An hour after the blizzard warning took affect Saturday night, when even the Madison bus system threw up its hands, a crowd of people were braving their way into the Wisconsin Union Theater, stamping the snow off by the door.
"We are starting a journey here," said Willie Ney, executive director of the UW-Madison's Office of Multicultural Arts Initiative, to the excited crowd. Clearly he was speaking figuratively, but it had already been somewhat of a journey for those who braved inclement weather to come to the Youth Speaks -- Wisconsin Poetry Slam Finals, which also marked the beginning of the Line Breaks series hosted on campus by artist-in-residence Marc Bamuthi Joseph.
If a major critique of Madison is its penchant for public preaching to the proselytized, then the Wisconsin Union Theater, where so often Madison liberal-speak is spoken to a crowd who knows, agrees, and could nearly complete the sentences of the speaker, is clearly a guilty space.
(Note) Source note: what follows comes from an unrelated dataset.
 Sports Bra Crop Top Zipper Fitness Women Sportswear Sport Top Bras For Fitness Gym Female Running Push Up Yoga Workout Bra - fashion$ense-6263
Something else came down from on that high stage Saturday night, however, as it, pulpit-free, was overtaken by an entirely new group of sermonizers. They were young -- most were only freshman or juniors in high school -- but confident, and while the rhymes employed by some allowed for a guess at what was coming next, the sermons never failed to surprise. High-minded social issues were brought down to a closer level, made concrete through personal experience.
And if a major critique of spoken word is its dogmatic swagger, prescribed rhythm and pedagogical subject matter, then young, inexperienced poets are clearly not safe from the scorn, as they often embody the spoken word stereotype, dropping revolutionary names like they were going out of style, while wearing their faces blazoned across baggy T-shirts.
However, not once did the 13 young poets who made it through to the finals Saturday night invoke the name of some romantic radical. Those poets who did occasionally slip into the drone of the pat spoken-word piece did not linger there long, coming out of the redundancy quickly with piercingly insightful lines and images that elicited an "oh word!" exclamation from their fellow schoolmates and a long, pleased "hmmm" from the adults in the crowd.
The line-up of judges, including author Jeff Chang among others, were tough but consistent, and only seven finalists made it through to the second round. While the atmosphere was supportive -- those who faltered were quickly bolstered by a cry from the crowd, "you got it, you got it" -- it was a competition in the end. Carlo, a junior at Madison West, Charlie, a sophomore at La Follette, and Mercedes, a sophomore from Middleton High, brought back-to-back impassioned performances and were the eventual three that will continue on to the Brave New Voices National youth poetry slam this summer.
"A poet has to spit what a poet has to spit," said Charlie before he launched into his last piece. If, like the poet, a preacher must preach, than let them take some cues from the youth -- they can speak it equally well, and to a beat.